For additional detail on GDT and x86 memory management, please consult the IA Architecture SW Developer Manual, vol. 3.

This script accepts as input the zephyr_prebuilt.elf binary, which is a link of the Zephyr kernel without various build-time generated data structures (such as the GDT) inserted into it. This kernel image has been properly padded such that inserting these data structures will not disturb the memory addresses of other symbols.

The input kernel ELF binary is used to obtain the following information:

  • Memory addresses of the Main and Double Fault TSS structures so GDT descriptors can be created for them

  • Memory addresses of where the GDT lives in memory, so that this address can be populated in the GDT pseudo descriptor

  • whether userspace or HW stack protection are enabled in Kconfig

The output is a GDT whose contents depend on the kernel configuration. With no memory protection features enabled, we generate flat 32-bit code and data segments. If hardware- based stack overflow protection or userspace is enabled, we additionally create descriptors for the main and double- fault IA tasks, needed for userspace privilege elevation and double-fault handling. If userspace is enabled, we also create flat code/data segments for ring 3 execution.

scripts/gen_relocate_app.py

This script will relocate .text, .rodata, .data and .bss sections from required files and places it in the required memory region. This memory region and file are given to this python script in the form of a string.

Example of such a string would be:

SRAM2:/home/xyz/zephyr/samples/hello_world/src/main.c,\
SRAM1:/home/xyz/zephyr/samples/hello_world/src/main2.c

To invoke this script:

python3 gen_relocate_app.py -i input_string -o generated_linker -c generated_code

Configuration that needs to be sent to the python script.

  • If the memory is like SRAM1/SRAM2/CCD/AON then place full object in the sections

  • If the memory type is appended with _DATA / _TEXT/ _RODATA/ _BSS only the selected memory is placed in the required memory region. Others are ignored.

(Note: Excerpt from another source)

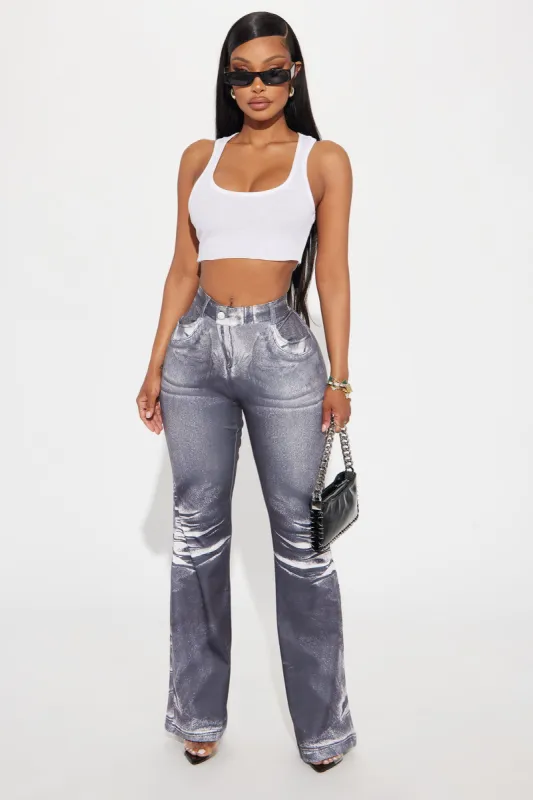 Copy That Printed Flare Pant - Navy/combo sold by Fashion Nova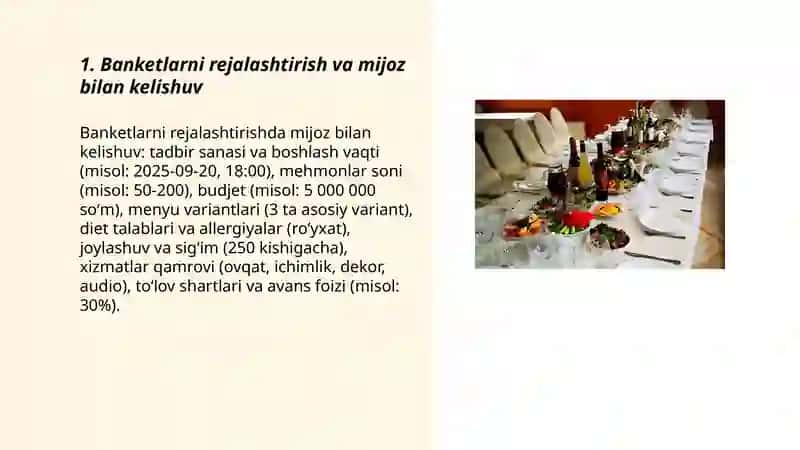 Banketlarda xizmat ko'rsatish 3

Multiple regions can be appended together like SRAM2_DATA_BSS this will place data and bss inside SRAM2.

scripts/process_gperf.py

gperf C file post-processor

We use gperf to build up a perfect hashtable of pointer values. The way gperf does this is to create a table ‘wordlist’ indexed by a string representation of a pointer address, and then doing memcmp() on a string passed in for comparison

We are exclusively working with 4-byte pointer values. This script adjusts the generated code so that we work with pointers directly and not strings. This saves a considerable amount of space.